__EXERCISE DETAILS__: Beginning with the line that holds "CD73 Case Study" and ending with the last line of the entries below, copy every line exactly and nothing else, with the pictures left out.

[Captioned web images]
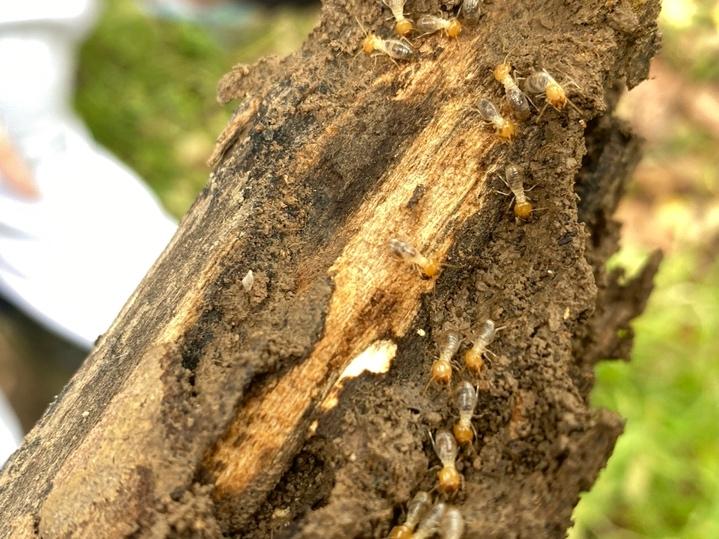 一人一树绿化地球公益活动,爱校护校共建美好校园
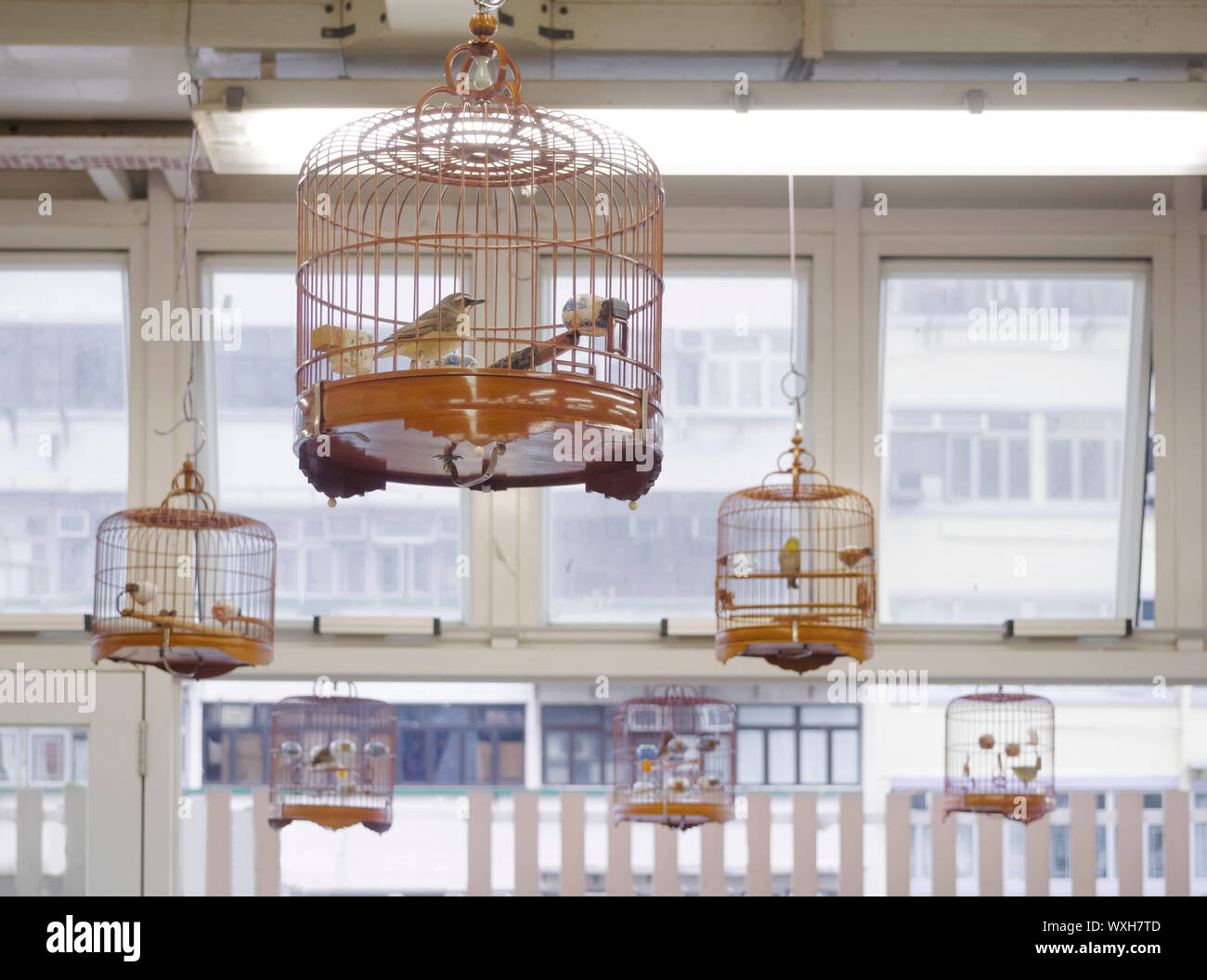 Vogel singen Wertschätzung Hobby in Asien Stockfoto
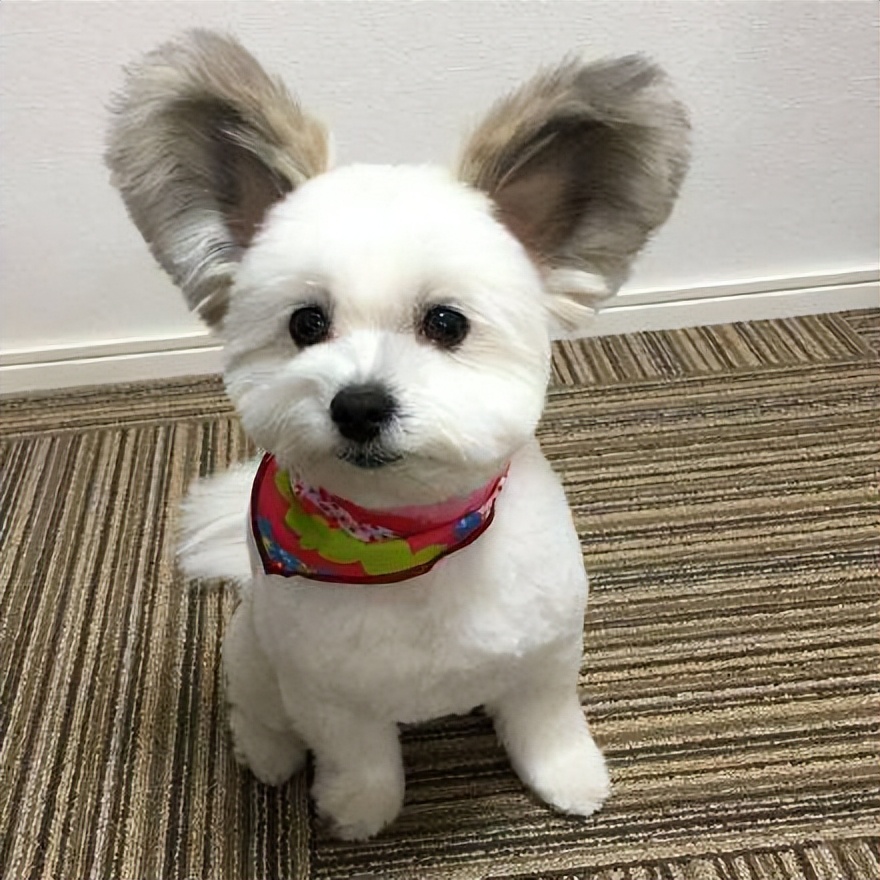 什么样的狗相是旺家狗,天生凶相的狗有哪些特征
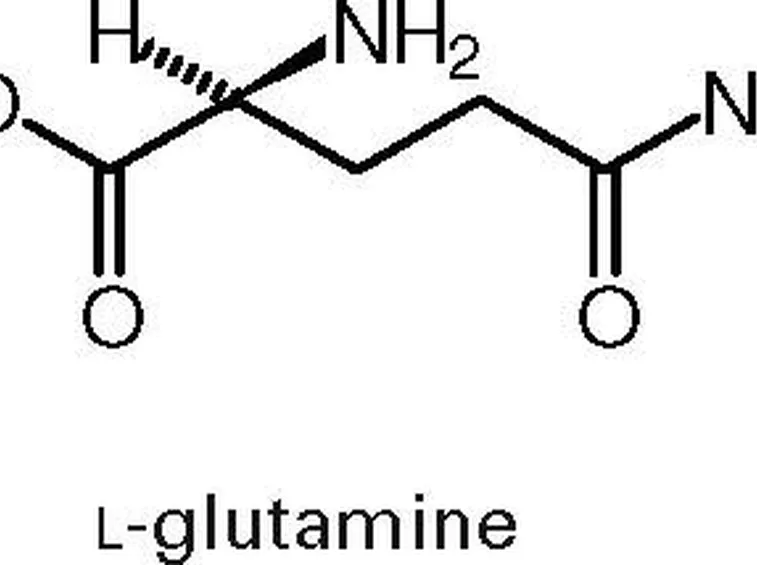 glutammina 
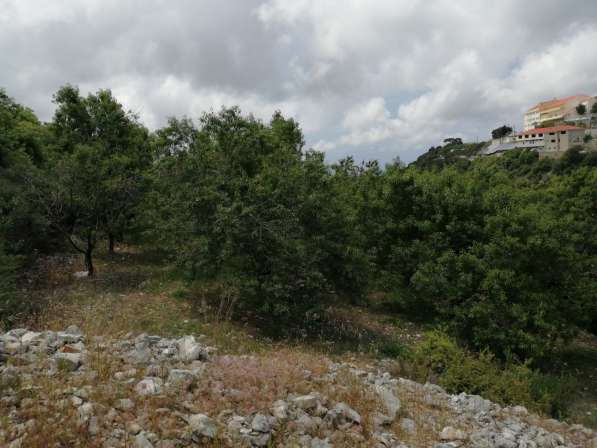Land for sale in Lebanon, close to the sea, and quiet area в фото 5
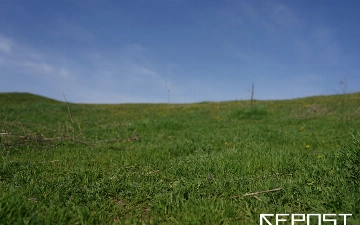 Воздух в Ташкенте сегодня — очистился до зеленого уровня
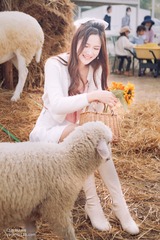 0F3B7D39-2753-49DD-97FB-066076783B60/L0/001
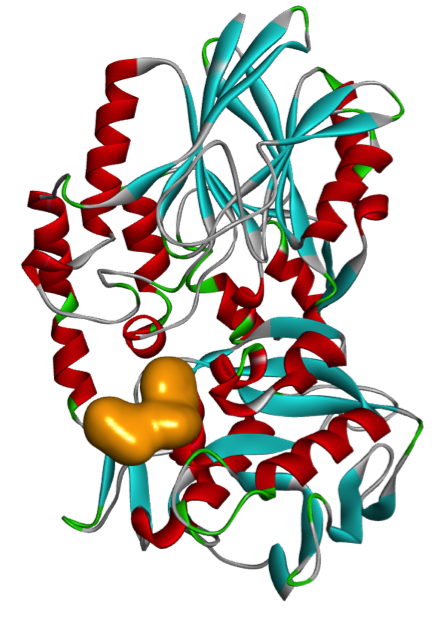 CD73 Case Study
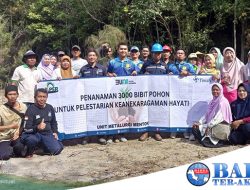 Upaya Menjaga Kelestarian Kawasan Wisata Bukit Kukus, Pokdarwis Bukit Kukus dan PT Timah Tbk Tanam 3000 Pohon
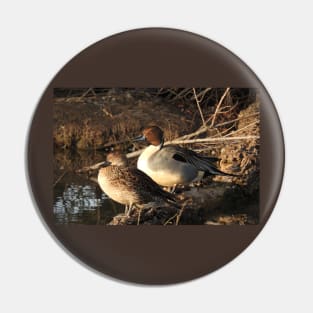 Northern pintail ducks, wildlife gifts, waterfowl Pin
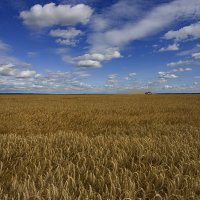 Уходящее лето :: Олег Денисов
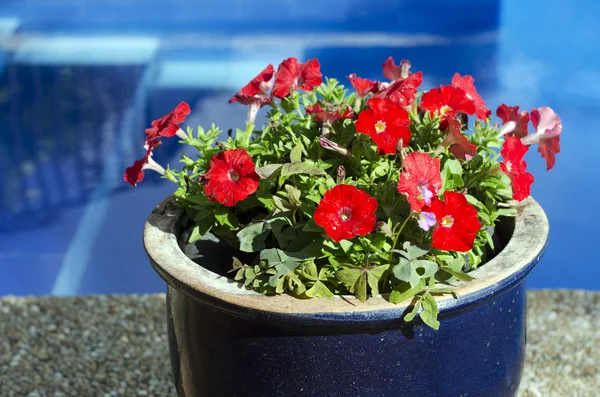 Rote Petunienblüten — Stockfoto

__RESPONSE BOX__:
 CD73 Case Study
 Upaya Menjaga Kelestarian Kawasan Wisata Bukit Kukus, Pokdarwis Bukit Kukus dan PT Timah Tbk Tanam 3000 Pohon
 Northern pintail ducks, wildlife gifts, waterfowl Pin
 Уходящее лето :: Олег Денисов
 Rote Petunienblüten — Stockfoto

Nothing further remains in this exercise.